Westminster’s plans aren’t good enough to even be included in a major global study, writes Nick Hughes.

How do approaches to tackling food waste in the UK compare with other countries? The answer is not very favourably, unless you live in Scotland. In fact, government plans to tackle food waste in England were not even considered worthy of inclusion in a major new study, such is their current inadequacy.

Researchers at the Johns Hopkins centre for a liveable future in the US analysed 93 official plans addressing food waste developed by local, state and national governments around the world.

In order to qualify plans had to include actionable strategies for addressing food waste, meaning some documents didn’t make the cut.
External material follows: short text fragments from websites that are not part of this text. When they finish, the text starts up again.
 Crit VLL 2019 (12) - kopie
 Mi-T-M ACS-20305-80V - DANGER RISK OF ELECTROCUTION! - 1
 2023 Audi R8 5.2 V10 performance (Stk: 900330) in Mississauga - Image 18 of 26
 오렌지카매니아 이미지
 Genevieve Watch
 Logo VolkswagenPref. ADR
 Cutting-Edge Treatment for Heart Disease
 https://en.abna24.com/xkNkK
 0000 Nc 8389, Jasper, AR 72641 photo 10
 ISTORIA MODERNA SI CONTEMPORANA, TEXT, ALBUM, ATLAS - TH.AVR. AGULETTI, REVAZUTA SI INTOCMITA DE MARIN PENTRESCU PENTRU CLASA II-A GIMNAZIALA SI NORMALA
Among them was the UK government’s 2013 Waste Management Plan for England, developed under the coalition government, which identifies anaerobic digestion as the best technology available for treating food waste and pledges to help businesses, consumers and local authorities manage their food waste sustainably. The plan, however, conspicuously fails to set out detailed measures for how this will be achieved and instead emphasises the role of industry-led voluntary agreements such as those co-ordinated by WRAP (WRAP’s 2016 Food Waste Recycling Action Plan was excluded from the research since WRAP is no longer an official government body).

Scotland’s 2010 Zero Waste Plan, on the other hand, was included within the scope of the research since it introduced regulations to drive separate collection and treatment of food waste in the country. Scotland one, England nil.
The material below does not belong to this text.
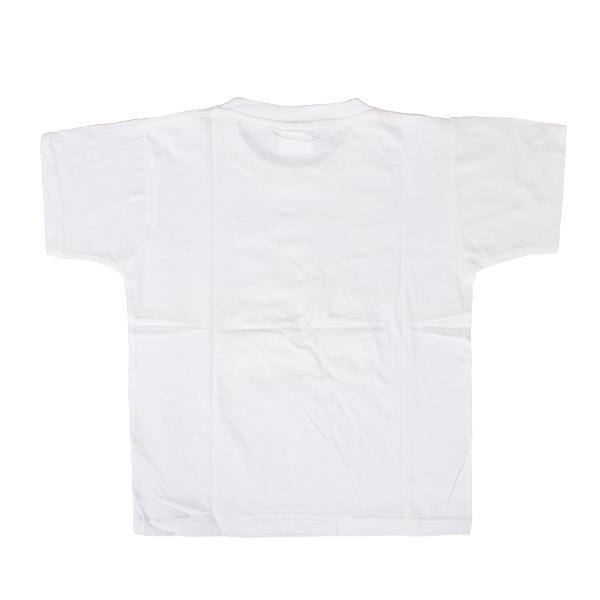 Kids t shirts wholesale print short sleeve t shirts for boys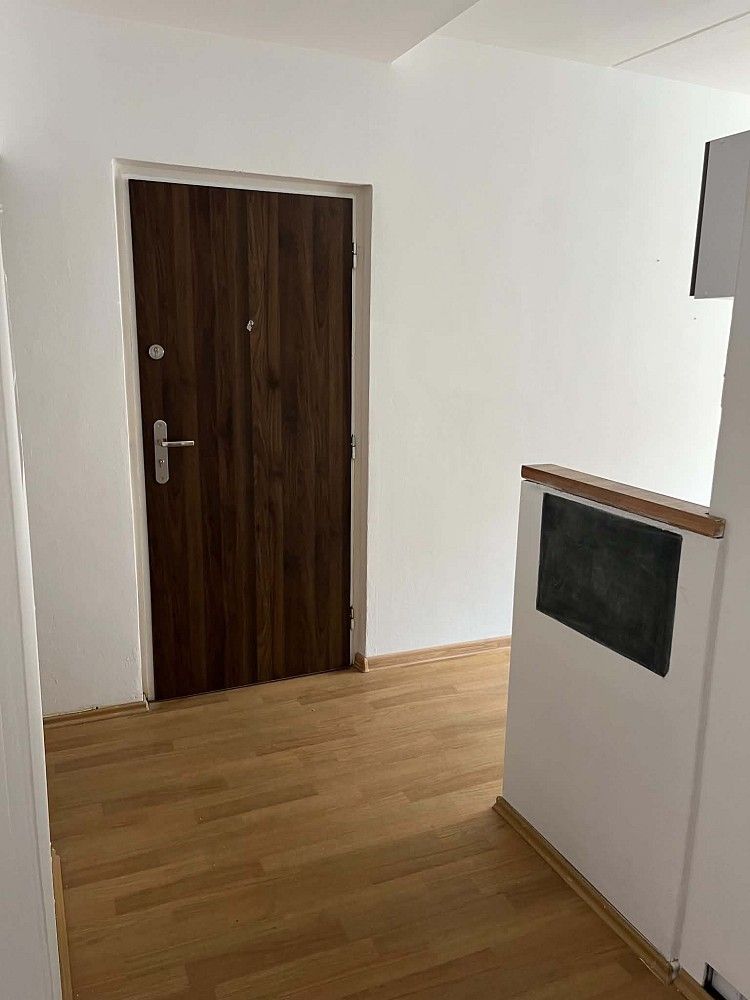 Byt 2+1 · 64 m² · Merklín, okres Karlovy Vary, Karlovarský kraj - 4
So what did the researchers find and with what lessons for future government food waste strategies?

The vast majority of the plans come from North America and the US in particular, including plans from 32 US cities, 18 counties and 20 states. Others came from Europe, Asia, South Africa and Australia.

The researchers found that the topic of wasted food can be addressed in many types of government plans, but is most commonly tackled in solid waste management plans and least commonly in climate change plans.

While two-thirds of the plans place a strong emphasis on composting programmes, far fewer focus on strategies higher up the food waste hierarchy, most notably waste prevention, which the researchers note can have the greatest environmental, economic and social benefits.

They found that plans could also be strengthened by having clearer target-setting, monitoring and evaluation. Only 22 of the plans set numeric targets for minimising the amount of food that is wasted by a specific year; a further 48 plans set broader waste management and climate goals of varying levels of specificity and ambition.

The research identifies a number of barriers to progress, which include lack of funding, negative perception of composting programmes, data collection issues and difficulties co-ordinating waste management across jurisdictional borders. All of these will no doubt sound familiar to anyone involved in UK food waste policy.

Government officials interviewed as part of the research made a number of recommendations for how food waste efforts could be improved. These include clearly linking food waste targets with other existing goals to help move it up the priority list, setting evidence-based targets and gaining public support with pilot projects.

The researchers noted that there is no one-size-fits-all approach. “What works in Macon County, Illinois, may not work as well in Malaysia, but the people developing and implementing these plans face many of the same challenges and have a lot to learn from one another,” says Roni Neff from the centre for a liveable future, who oversaw the study.

The UK government would be well advised to take heed. The overall cost to the UK of food waste each year is £17bn, according to the House of Commons Library, with the cost to an average household estimated at £470 a year.

And although Neff is keen to stress that the UK generally has been a leader in tackling the problem of wasted food, continued inaction by the government specifically looks like an expensive mistake even before the negative environmental effects are accounted for.

With no coherent plan to tackle food waste, and industry left to do all the heavy lifting, the UK risks falling behind in the global food waste stakes.